• _Work instructions_: Each line in the data holding "Used" should be listed.

Caption-style text data
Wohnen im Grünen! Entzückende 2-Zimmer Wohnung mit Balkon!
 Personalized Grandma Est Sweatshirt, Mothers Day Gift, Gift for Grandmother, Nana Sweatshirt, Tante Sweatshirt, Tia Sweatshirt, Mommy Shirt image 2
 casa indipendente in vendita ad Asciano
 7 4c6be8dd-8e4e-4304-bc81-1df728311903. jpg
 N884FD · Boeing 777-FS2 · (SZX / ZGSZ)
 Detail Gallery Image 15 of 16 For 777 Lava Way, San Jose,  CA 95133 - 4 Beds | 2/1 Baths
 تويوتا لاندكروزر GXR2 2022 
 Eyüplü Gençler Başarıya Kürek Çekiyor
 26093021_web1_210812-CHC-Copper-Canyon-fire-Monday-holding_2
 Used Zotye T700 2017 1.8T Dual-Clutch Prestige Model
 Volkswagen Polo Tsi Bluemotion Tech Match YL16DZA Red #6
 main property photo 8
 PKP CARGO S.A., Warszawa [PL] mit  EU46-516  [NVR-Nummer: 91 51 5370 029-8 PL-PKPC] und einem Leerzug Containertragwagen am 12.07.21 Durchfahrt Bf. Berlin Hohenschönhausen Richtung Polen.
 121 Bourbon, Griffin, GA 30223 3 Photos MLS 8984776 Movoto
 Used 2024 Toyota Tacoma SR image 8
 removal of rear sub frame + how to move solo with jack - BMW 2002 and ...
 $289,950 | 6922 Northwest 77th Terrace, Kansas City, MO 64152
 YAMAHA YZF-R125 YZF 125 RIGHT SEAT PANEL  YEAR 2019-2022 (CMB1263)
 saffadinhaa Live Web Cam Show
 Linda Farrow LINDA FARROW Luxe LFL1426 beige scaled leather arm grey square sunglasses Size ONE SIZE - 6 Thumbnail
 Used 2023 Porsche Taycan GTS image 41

• _Written reply_:
 Used Zotye T700 2017 1.8T Dual-Clutch Prestige Model
 Used 2024 Toyota Tacoma SR image 8
 Used 2023 Porsche Taycan GTS image 41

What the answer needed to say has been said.